La matière fiscale est un terrain fertile pour noyer ainsi le poisson.  » Les dispositions légales sont parfois le résultat de compromis politiques, ce qui peut expliquer la difficulté de rédiger un exposé des motifs suffisamment clair et précis « , relève un spécialiste de droit fiscal. L’imprécision ou la contradiction peut être tout profit pour le contribuable :  » Il doit alors bénéficier de l’avantage du doute. « 

Faire et défaire. A force d’emmêler les fils, le législateur finit par se prendre les pieds dans le tapis.

Constitutionnaliste, ex-conseiller d’Etat et sénateur CDH, Francis Delpérée plaide les circonstances atténuantes.  » Il n’est pas commode de rédiger une loi.  » Son regret : que les bons juristes se fassent rares sur les bancs du Parlement ou dans les cabinets ministériels.

Cet enquiquineur de Conseil d’Etat, pourtant de bon conseil, a été mis sur la touche.  » Afin de gagner du temps, le Conseil d’Etat a été prié de limiter ses avis à des questions de compétence et de constitutionnalité des lois.
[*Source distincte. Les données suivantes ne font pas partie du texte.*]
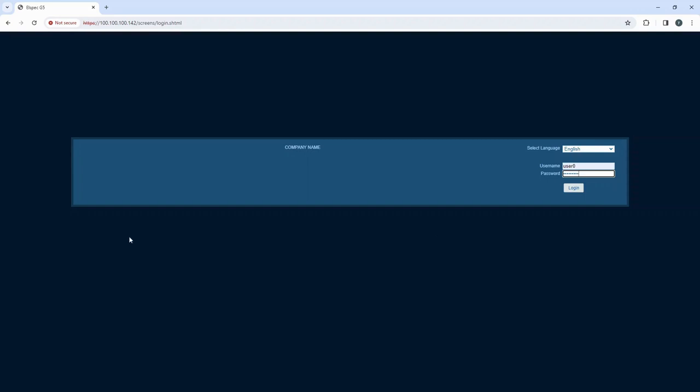It is highly recommended to edit the default username and password after the first login.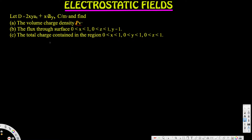Let's look at this problem. The question gives D = 2xy·ax + x²·ay coulombs per meter squared. Part a asks for the volume charge density ρv, part b asks for the flux through the surface where x is 0 to 1, z is 0 to 1, and y equals 1, and part c asks for the total charge contained in the region x: 0 to 1, y: 0 to 1, z: 0 to 1.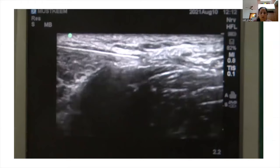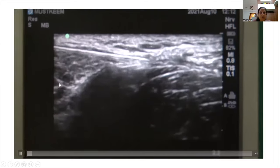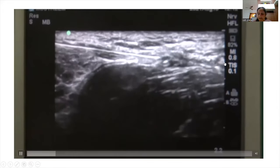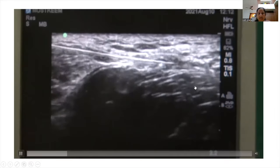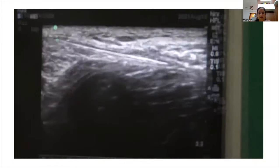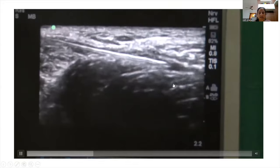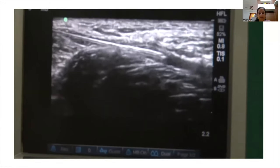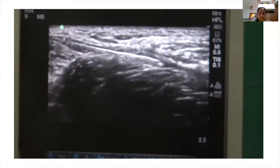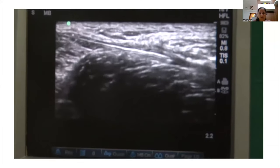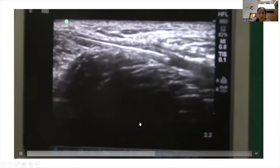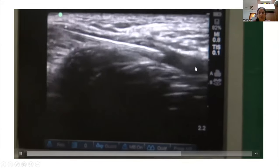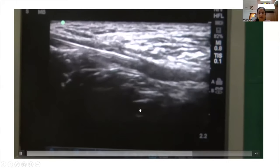In this video demonstrating the suprainguinal block technique, the needle enters from the foot end toward the head end. The deep circumflex iliac artery is identified, and the needle is advanced just below that arterial plane. You can see the 'unzipping' of the iliacus muscle as local anesthetic is deposited, creating a good potential space. The artery is lifted up and a nice spread of local anesthetic is visible just above the iliacus and below the artery.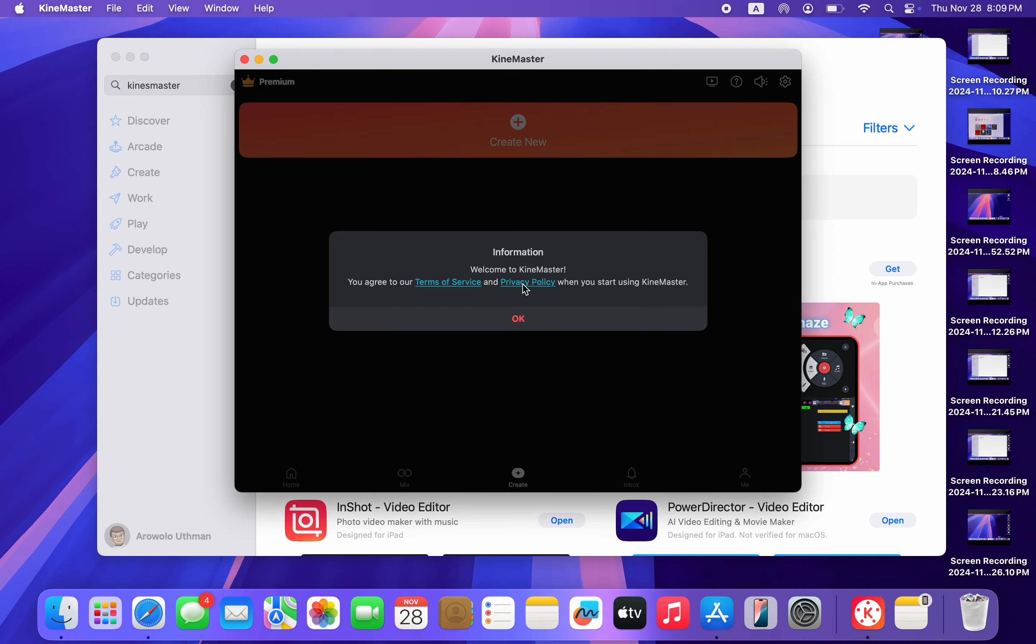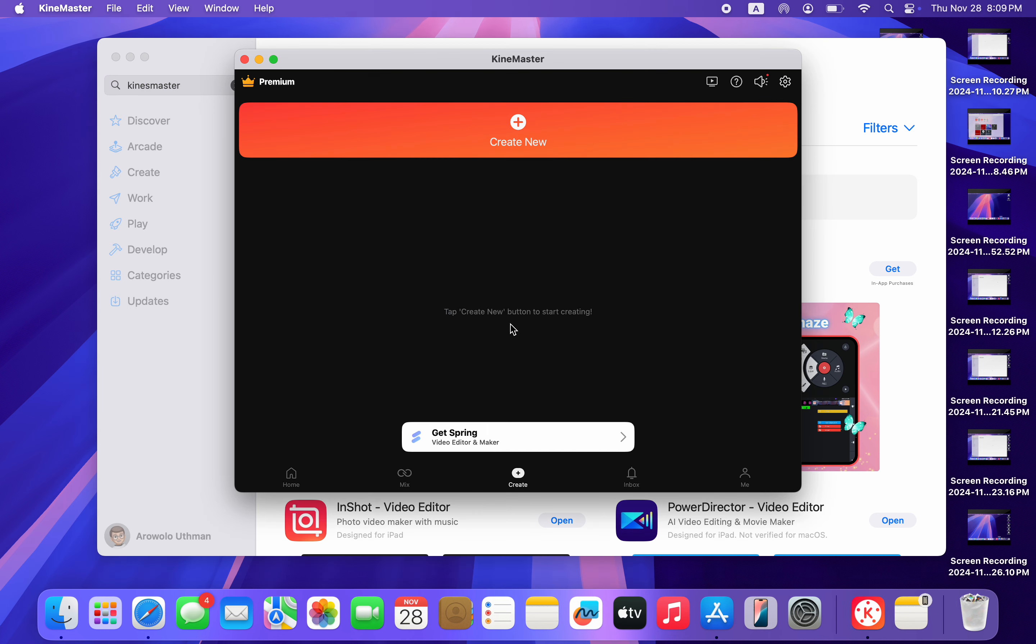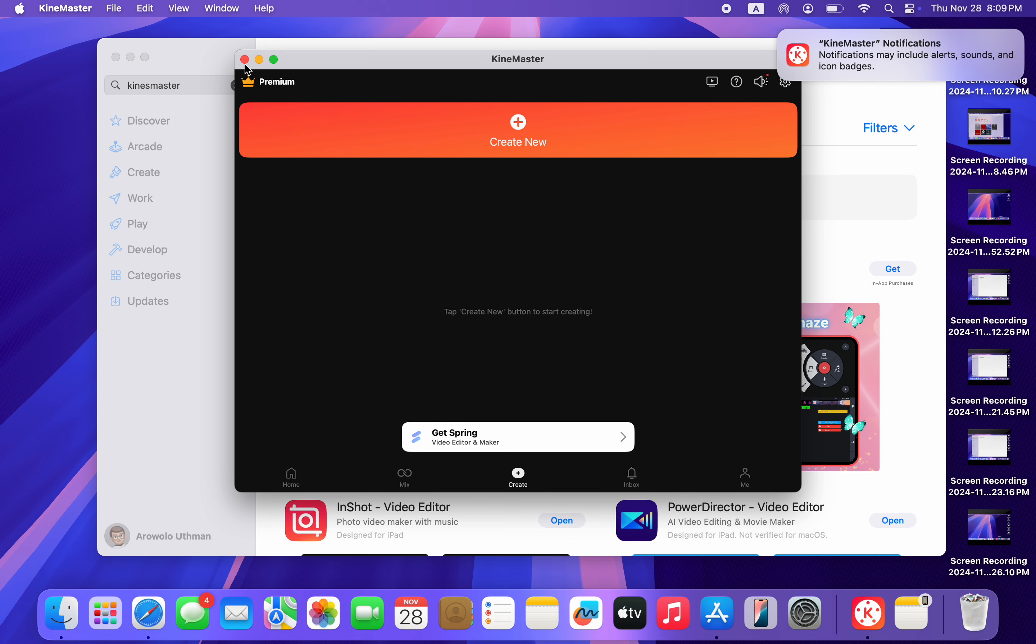Now click on OK and you can now use the app on your Mac. It works exactly like the one on iPad. If you found this video helpful, smack the like button and subscribe.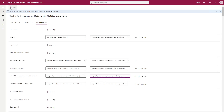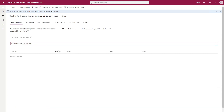Since we didn't specify the company within the actual dual write field mapping, we specified it here in the integration key. I'm going to go back to my lifecycle state mapping — it's currently not running — and I forgot to save the mappings, so I'm going to add those again. I'll choose the lifecycle ID once more.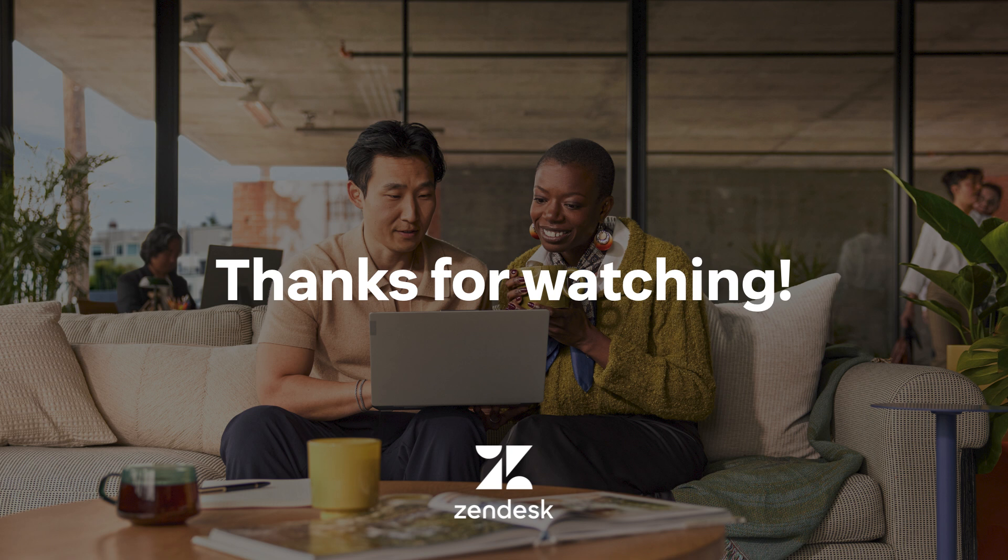By connecting your business email to Zendesk, you're one step closer to delivering exceptional customer support. Until next time.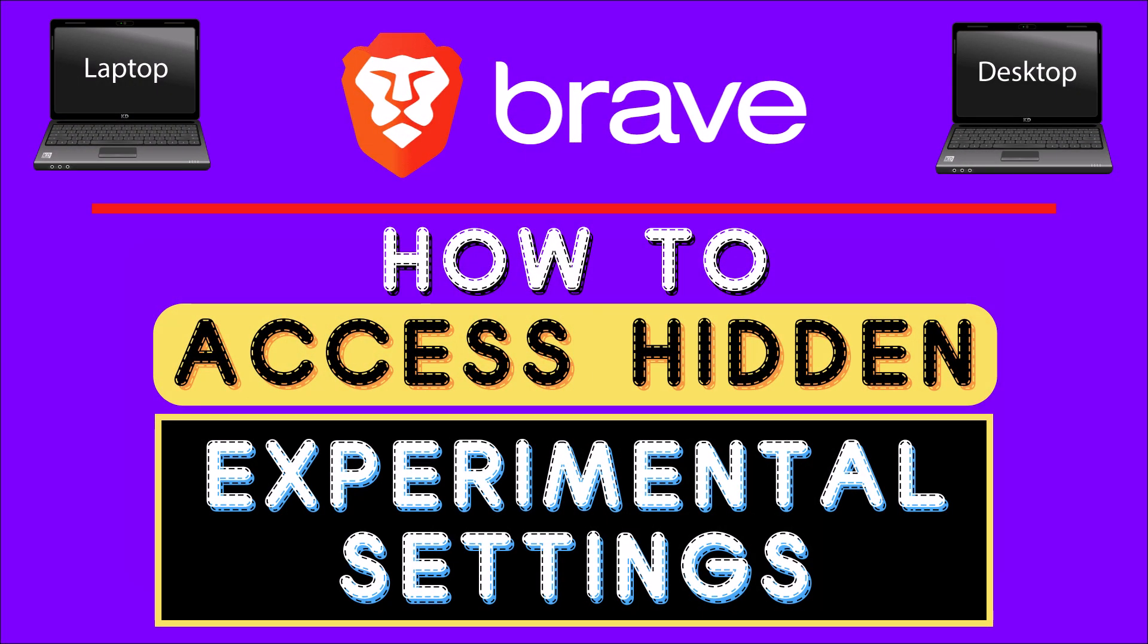This is going to be a video tutorial on how to access the hidden experimental settings in the Brave web browser. I will be using a desktop PC for this.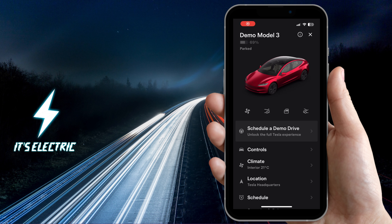All right, Tesla fam, let's get straight to it. Today, I'm going to show you how to lock and unlock a Tesla using the Tesla app.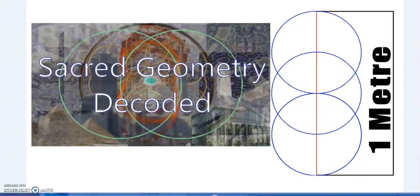Hello, Sacred Geometry Decoded. In the description box you'll find the playlist to this full series, and this will be a continuation of it. We'll be looking at a particular aspect: metrology, geometry, and how these systems link to astronomy — especially the allegedly modern English foot, the Egyptian royal cubit, and the meter.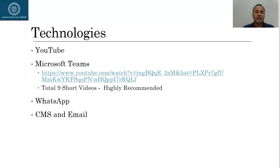For the course delivery, as I said, I'll upload the recorded lectures on YouTube and I'll share those links with you through CMS. Then Microsoft Teams.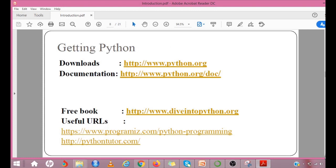Getting Python: Python is copyrighted. Python source code is now available under the GNU General Public License. The most up-to-date and current source code, binaries, documentation, news, etc. is available on the official website of Python. You can also download the documentation from the doc folder. The documentation is available in HTML, PDF, and PostScript formats. There are some free books available.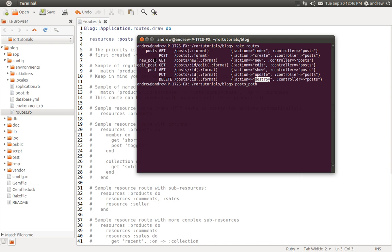To refer to the new action, we have new_post_path. We could create a link and link to new_post_path, and that would take them to the new page. We also have edit_post_path, and this one actually takes a parameter of the post that you're wanting to edit. So if we wanted to edit post number one, we could use edit_post_path and pass in one, and that would redirect to a page to edit the post with an ID of one. Finally, we have one last named route called post_path, which, like edit_post_path, takes in the ID of the post you want to view. post_path refers to the show action, so this will show the post with ID one.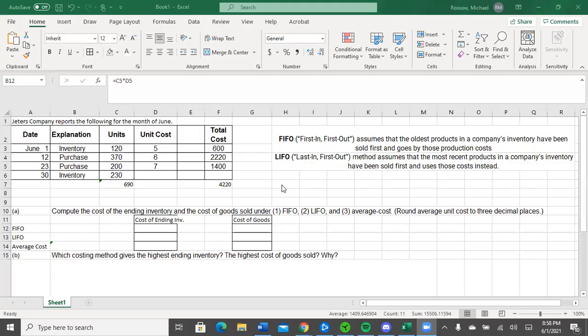Hello, class. My name is Michael. I wanted to share with you some of the information that we're going over this week. Specifically, this is going to be exercise seven from the work that we have this week. So I'm sharing my screen here, and I'm able to see the work that I've done here in Excel. This is going over reports specifically about inventory and purchasing, and then ending cost of goods and the cost of goods sold.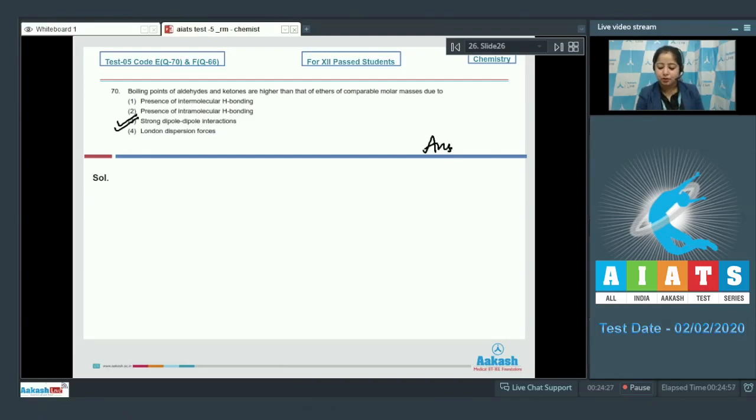The correct answer is option number 3. Moving to the next question, students, which is question number 71.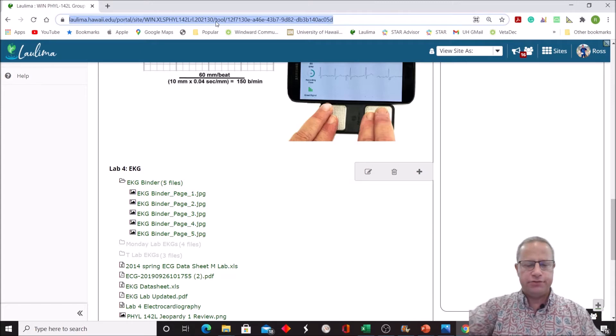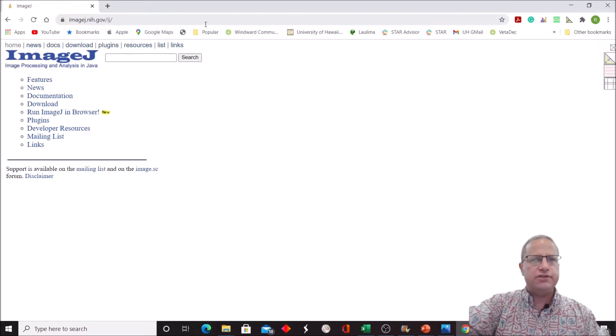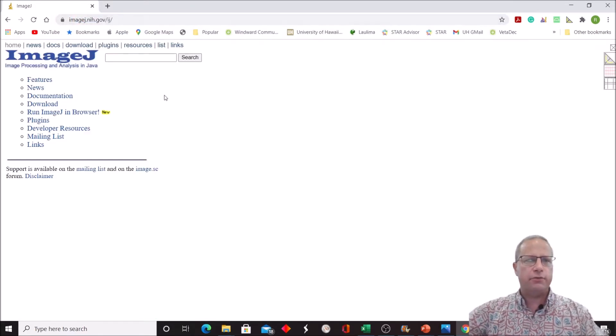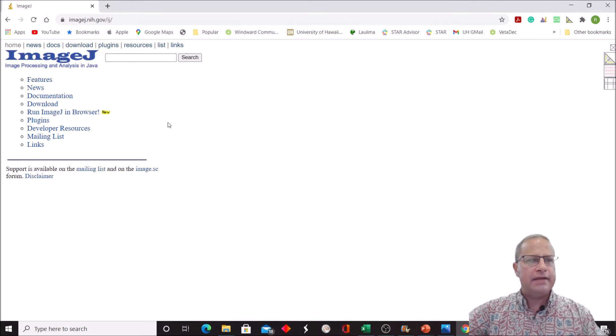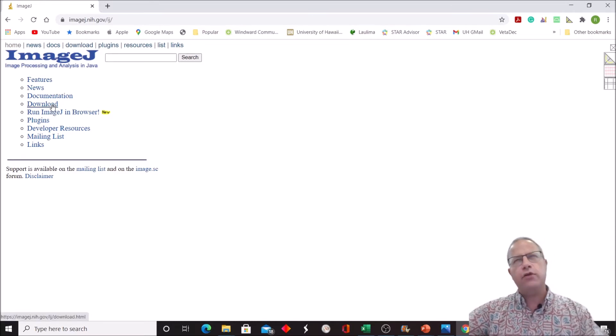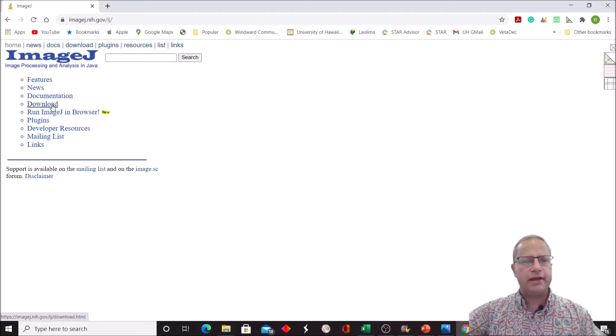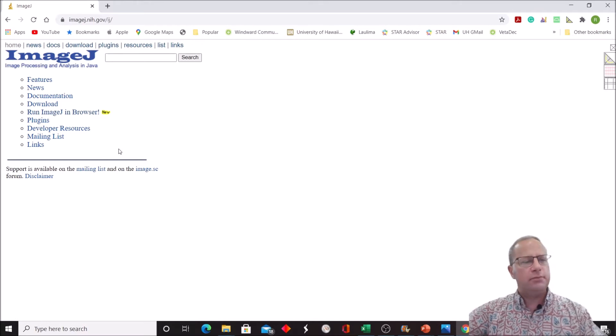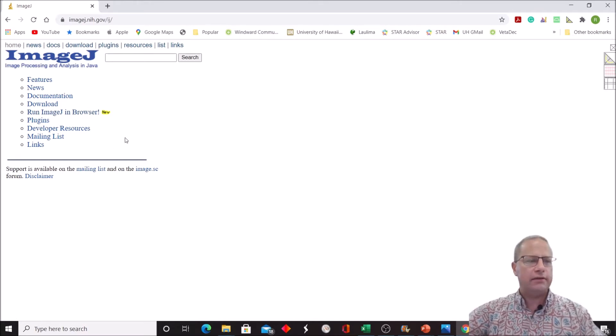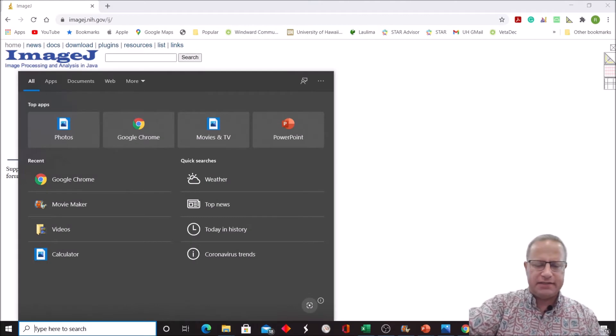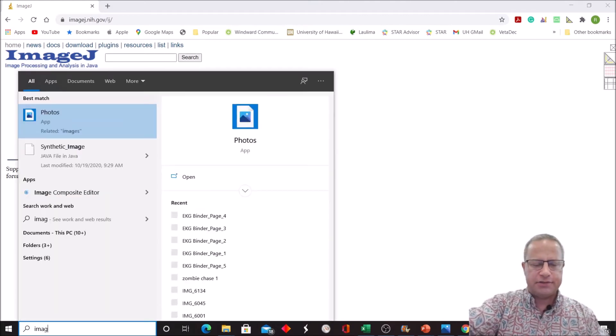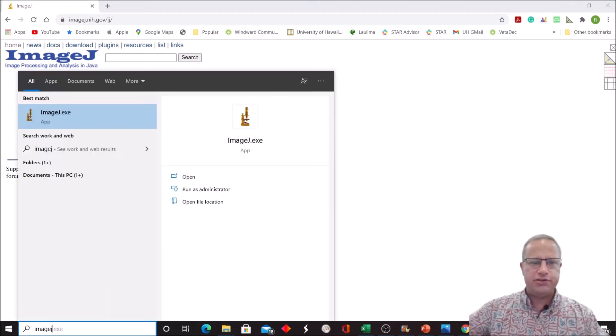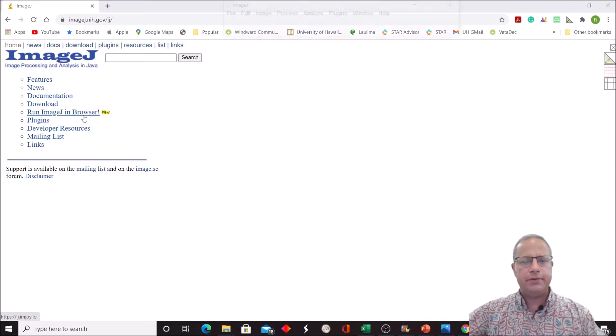Now I want to go to ImageJ. ImageJ is the software we use to download and analyze it. You can download it easily and run it on your PC. For a Mac, it's more difficult, so if you have a Mac just try to run ImageJ in the browser. It's clunkier but easier than downloading the software. I already have a PC and have it installed, so I'm just going to search for ImageJ and open it up.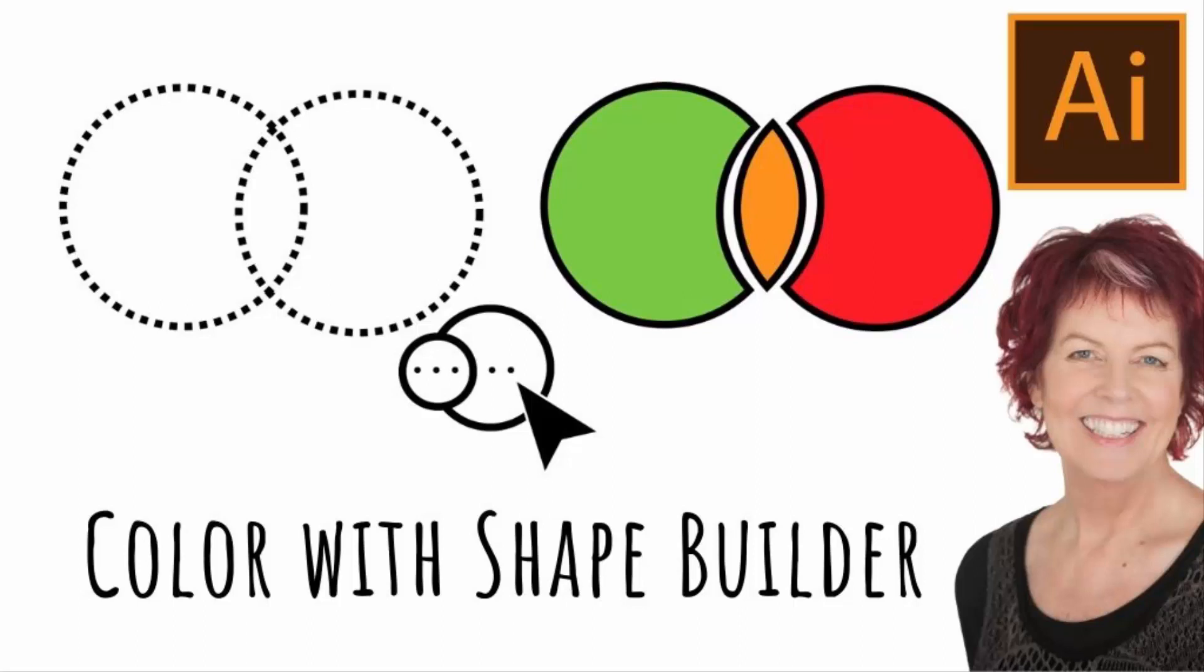Hello and welcome to this video tutorial today. We're looking at filling with color using the Shape Builder tool in Illustrator.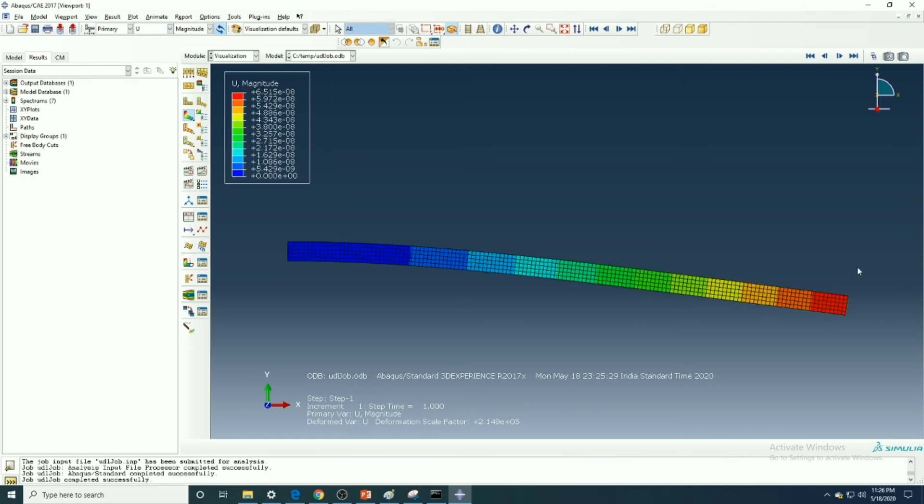And this was the deflection. You can see at the free edge, the cantilever due to UDL, and this is the deflection.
Et de s’abstenir de remarques sur le fond et la forme des textes « , précise Delpérée.

Légiférer toujours plus vite. La concurrence est si rude.  » Il y a le parlementaire qui veut légiférer pour légiférer ou pour accoler son nom à une réforme législative. Il y a le parlementaire de l’opposition qui veut prendre l’initiative d’une loi avant qu’un autre, de la majorité, ne fasse des propositions sur le même sujet.  » Et les ministres ne sont pas en reste : tous pressés d’attacher leur nom à un bout de loi et plus encore de le faire savoir.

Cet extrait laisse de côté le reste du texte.